ACTION ITEM
Return all the data exactly, keeping the pictures out.
##### GIVEN DATA #####
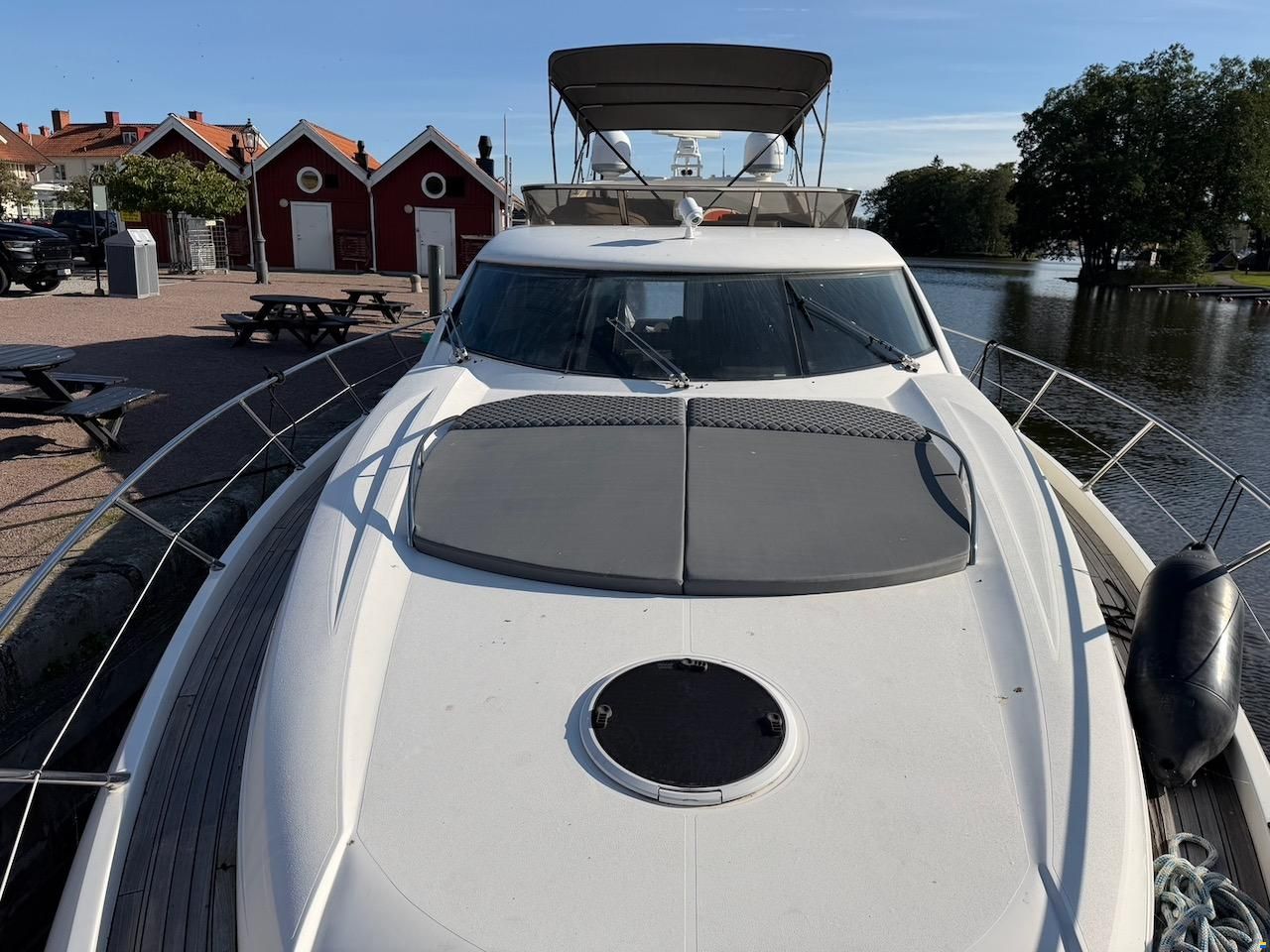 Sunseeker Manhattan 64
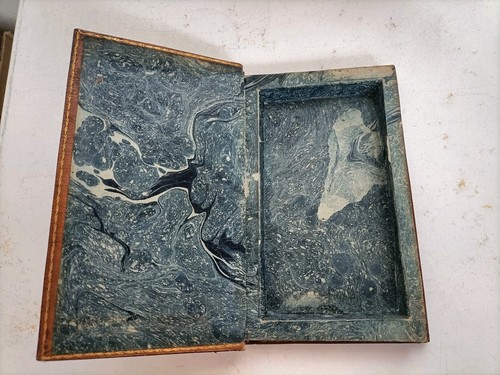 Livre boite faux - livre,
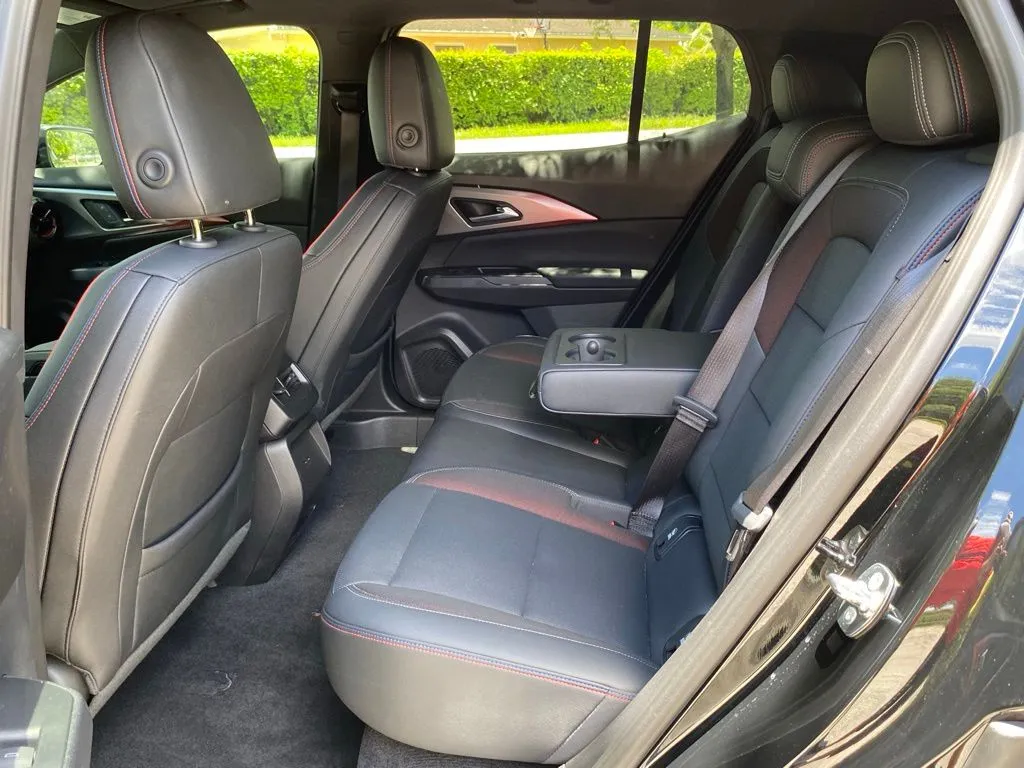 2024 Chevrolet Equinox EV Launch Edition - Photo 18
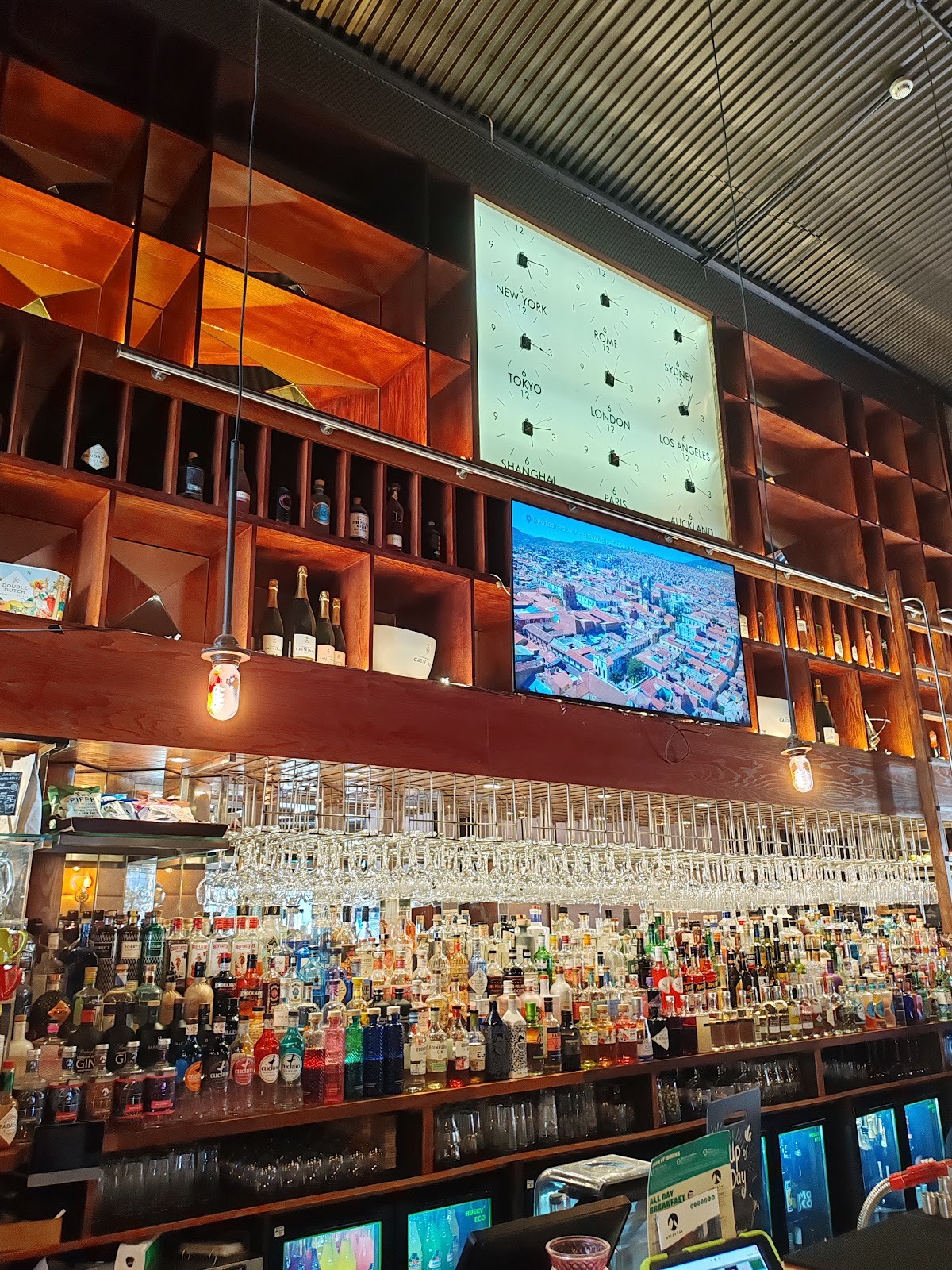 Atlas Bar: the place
#####
RESPONSE
 Sunseeker Manhattan 64
 Livre boite faux - livre,
 2024 Chevrolet Equinox EV Launch Edition - Photo 18
 Atlas Bar: the place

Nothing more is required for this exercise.